L1: Transport & Encoding Layer

Purpose

L1 defines how HCP messages are encoded, framed, and delivered over the network. HCP standardizes on AMQP 0-9-1 as its transport protocol, avoiding fragmentation in the ecosystem — every HCP-compliant harness speaks the same wire protocol.

Why AMQP

HCP requires reliable, asynchronous, bidirectional message passing with durable delivery. AMQP provides all of these natively:

  • Standardized: AMQP 0-9-1 is a mature wire-level protocol with broad implementation support (RabbitMQ, LavinMQ, Apache Qpid, etc.)
  • Exchange + Queue routing: Naturally maps to HCP’s command and event channels without custom routing logic
  • Durable delivery: Messages can be persisted to disk, surviving broker restarts
  • Acknowledgment: Consumer-side ACK ensures at-least-once delivery
  • Widely supported: Client libraries exist for virtually every language and platform

By fixing the transport layer, callee harnesses need only one protocol implementation, and any caller can communicate with any callee through a shared AMQP broker.

Message Envelope

Every HCP message is wrapped in a standard envelope, carried as the AMQP message body:

{
  "hcp_version": "1.0",
  "message_id": "550e8400-e29b-41d4-a716-446655440000",
  "timestamp": "2025-01-15T08:30:00.000Z",
  "session_id": null,
  "type": "task_submit",
  "payload": { }
}

Envelope Fields

Field Type Required Description
hcp_version string Yes Protocol version.

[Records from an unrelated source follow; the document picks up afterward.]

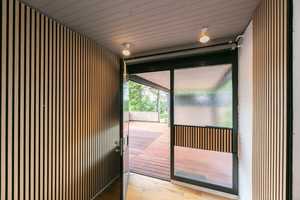 - Einzigartiges Wohnfeeling - Modernisiertes Zweifamilienhaus in Westerstetten – Alb-Donau-Kreis – Vorschaubild 6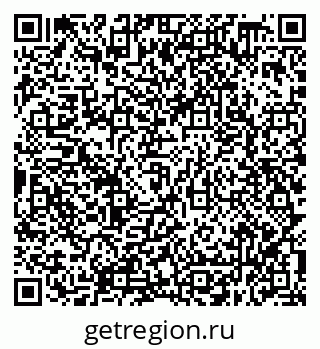 79638358011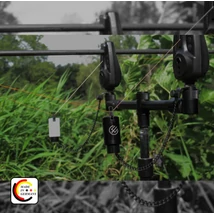 Poseidon shr super weight heavy - súly nehezék 46g 2db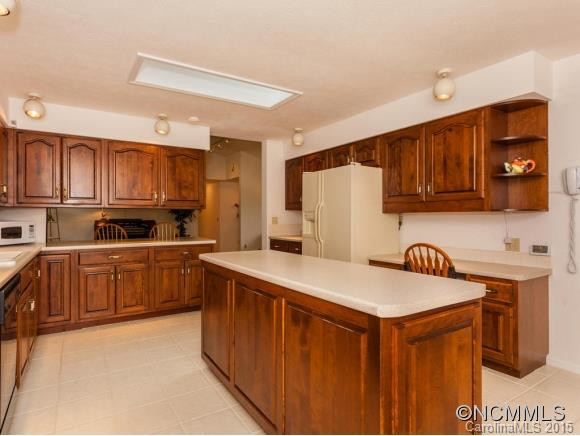 48 Beaumont Drive - Photo 8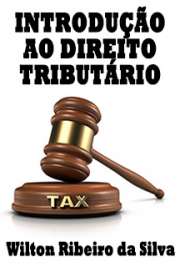 Introdução ao Direito Tributário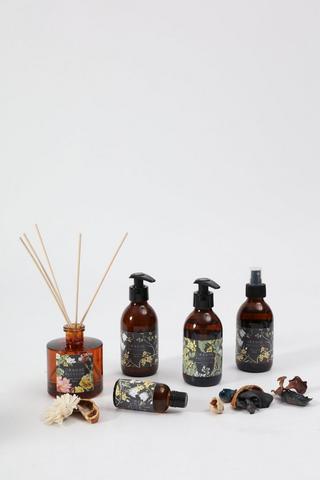 Orange Blossom Room Spray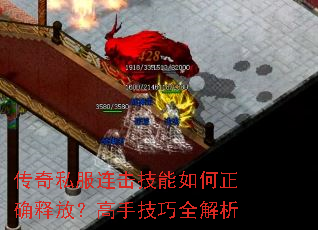 ����˽���������������ȷ�ͷţ����ּ���ȫ����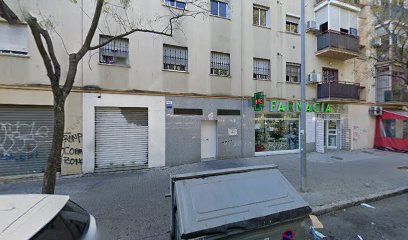 23237 iglesia raices hebreas 1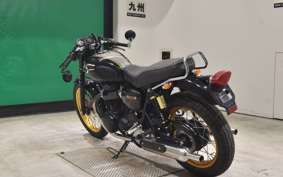 KAWASAKI W800 2012 EJ800A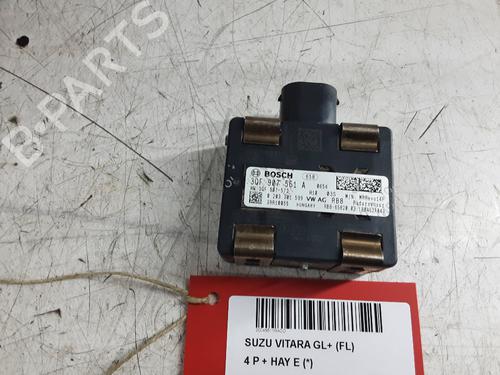 Electronic sensor SUZUKI VITARA (LY) 1.6 (APK 416) | BP32248903M84 - Image 2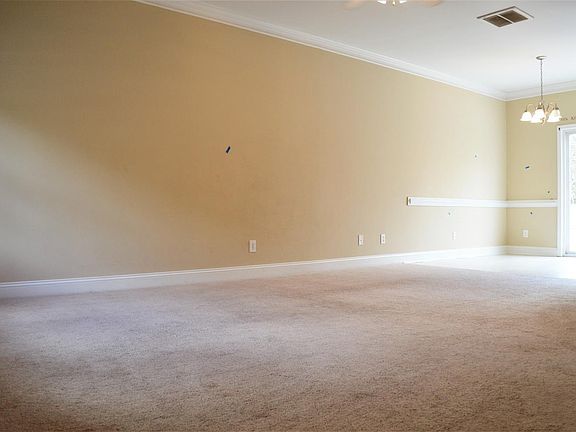 2nd image of 1002 Enterprise Dr Unit 310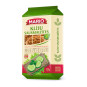 náhled Chlebcy Otrubové 155g Mario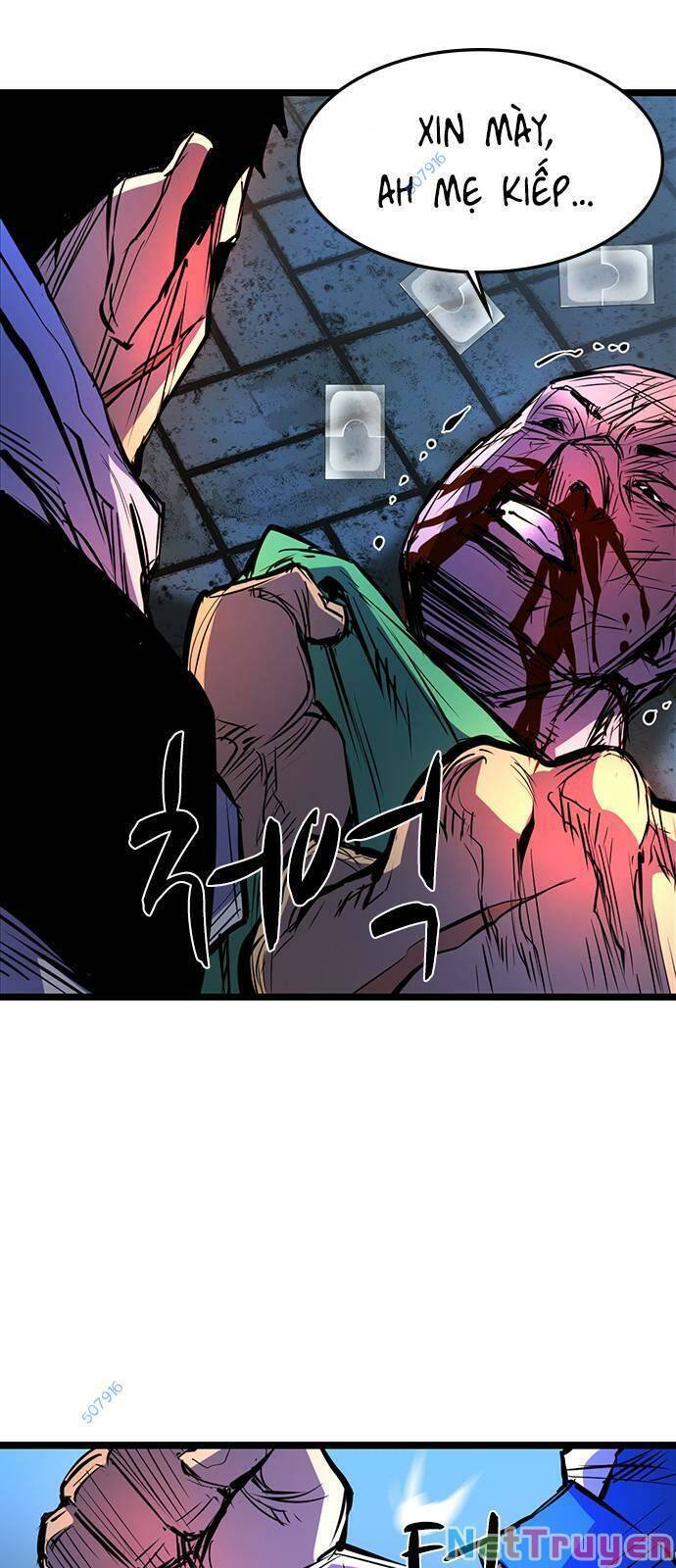 Phòng Gym Hanlim Chapter 75 - 13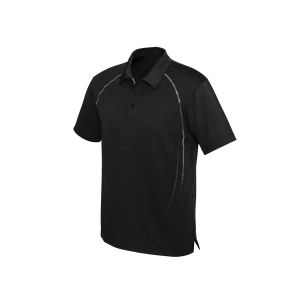 P604MS_Product_Black_Silver_01_XcIenLc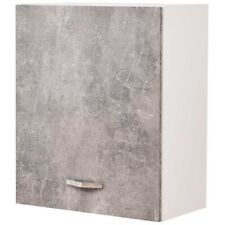 Pensile cucina armadio usato  Cardito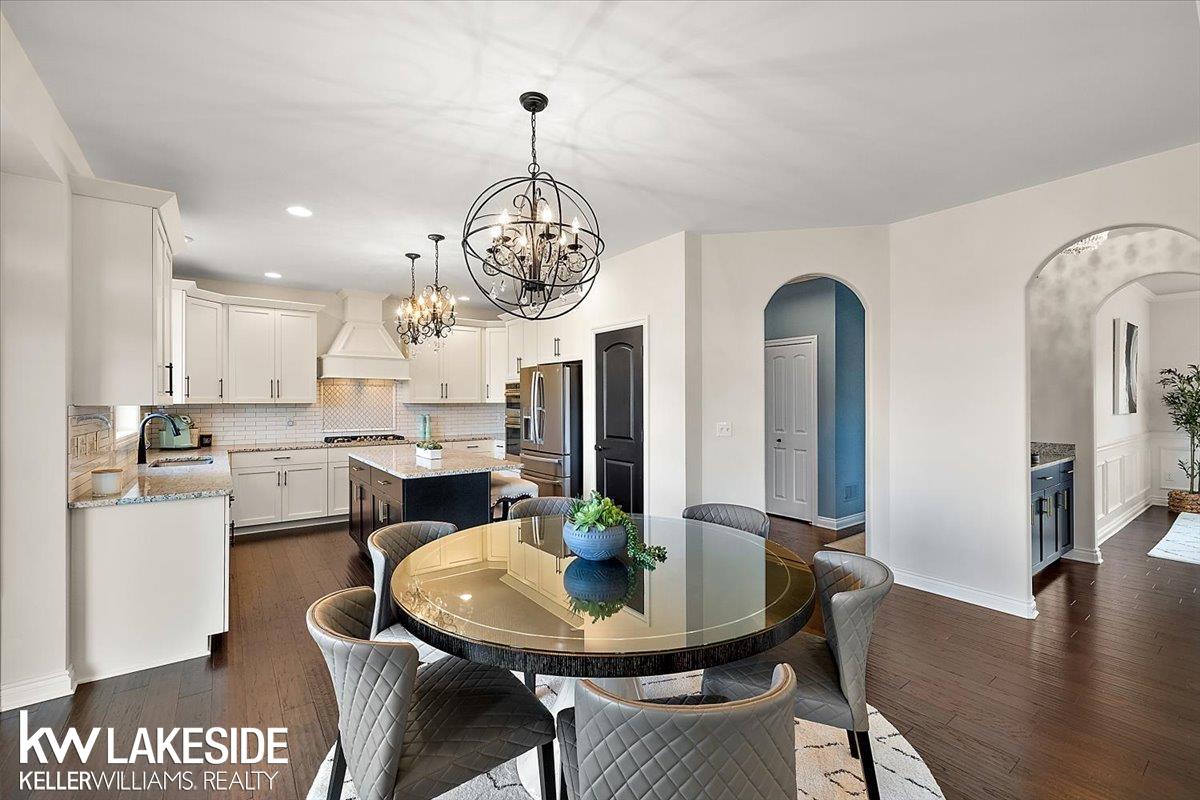 3476 Royal Berkshire Lane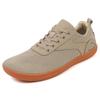 Wide Barefoot Shoes Men Women Walking Shoes Wide Toe Minimalist Zero Drop Shoes Breathable Fashion Sneakers Men Women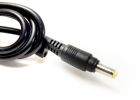 Блок питания для ноутбуков PowerPlant HP 220V, 18.5V 65W 3.5A (4.8*1.7)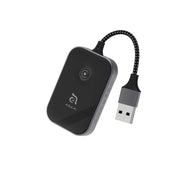 Adaptador CarPlay sem fios ADAM CarGo CarPlay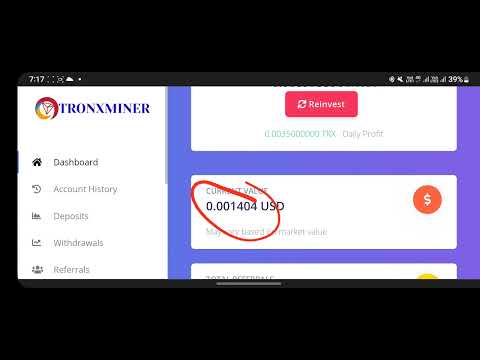 🤑 New Free Mining Site 2024 | 🤑 Free Crypto Mining App 2024 | 🤑 Free BTC Mining Websites 2024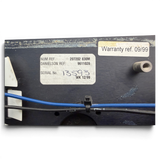 NUM Kurz Hub Tastatur Steuerung NUM 1060 Art Nr 207202 830M 0206202821H IMA 310 410 610 810 – Ansicht 5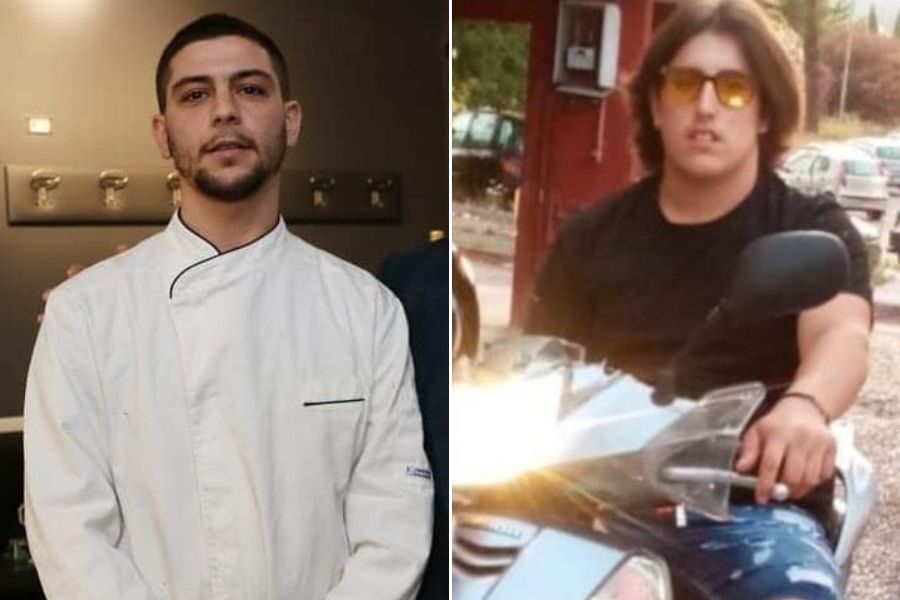 “In 12 anni niente è cambiato”, lo sfogo di Raffaele, ex detenuto ora riabilitato, dopo il suicidio del 16enne in comunità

Format: MAJOR.MINOR
message_id string (UUID v4) Yes Unique identifier for this message
timestamp string (ISO 8601) Yes When the message was created, UTC
session_id string (UUID v4) | null Conditional Session identifier. null only in the initial task_submit message. All subsequent messages MUST include a valid session ID
type string (enum) Yes Message type. See Message Types
payload object Yes Layer-specific content. Structure depends on type

AMQP Message Properties Mapping

HCP envelope fields map to AMQP message properties for broker-level routing and deduplication:

AMQP Property HCP Source Purpose
message_id message_id Broker-level deduplication
timestamp timestamp Message creation time
correlation_id session_id Session correlation for routing
content_type "application/json" Always JSON
content_encoding "utf-8" Always UTF-8
delivery_mode 2 (persistent) Durable delivery
type type Message type for consumer filtering

Message Types

Messages are categorized by direction:

Caller → Callee (Command Channel)

Type Description Session Required
task_submit Submit a new task No (session created by callee)
abort Request task abortion Yes

Callee → Caller (Event Channel)

Type Description
task_accepted Task passed safety check, session created
task_rejected Task failed safety check
event Session lifecycle event (progress, checkpoint, etc.)
task_completed Task finished successfully
task_failed Task terminated due to error

AMQP Topology

HCP defines a standard AMQP topology that all implementations MUST follow.

Overview

Caller Harness                    AMQP Broker                     Callee Harness
                         ┌──────────────────────────┐
     ┌───── publish ────►│  hcp.commands (exchange)  │──── consume ────►┐
     │                   │  type: direct             │                  │
     │                   ├──────────────────────────┤                  │
     │                   │                          │                  │
     │                   │  Queue:                  │                  │
     │                   │  hcp.cmd.{callee_id}     │                  │
     │                   ├──────────────────────────┤                  │
     │                   │                          │                  │
     │◄──── consume ─────│  hcp.events (exchange)   │◄── publish ──────┘
     │                   │  type: topic             │
     │                   │                          │
     │                   │  Queue:                  │
     │                   │  hcp.evt.{caller_id}     │
     │                   │  binding: {caller_id}.#  │
     └                   └──────────────────────────┘

Exchanges

Exchange Type Durable Description
hcp.commands direct Yes Carries command messages from callers to callees
hcp.events topic Yes Carries event messages from callees to callers

Queues

Queue Bound To Routing/Binding Key Durable Description
hcp.cmd.{callee_id} hcp.commands {callee_id} Yes Command queue for a specific callee harness
hcp.evt.{caller_id} hcp.events {caller_id}.# Yes Event queue for a specific caller harness

Routing Keys

Command Channel (hcp.commands exchange, direct routing):

Routing key: {callee_id}

The caller publishes to hcp.commands with routing key set to the target callee’s ID. The broker routes to the callee’s command queue.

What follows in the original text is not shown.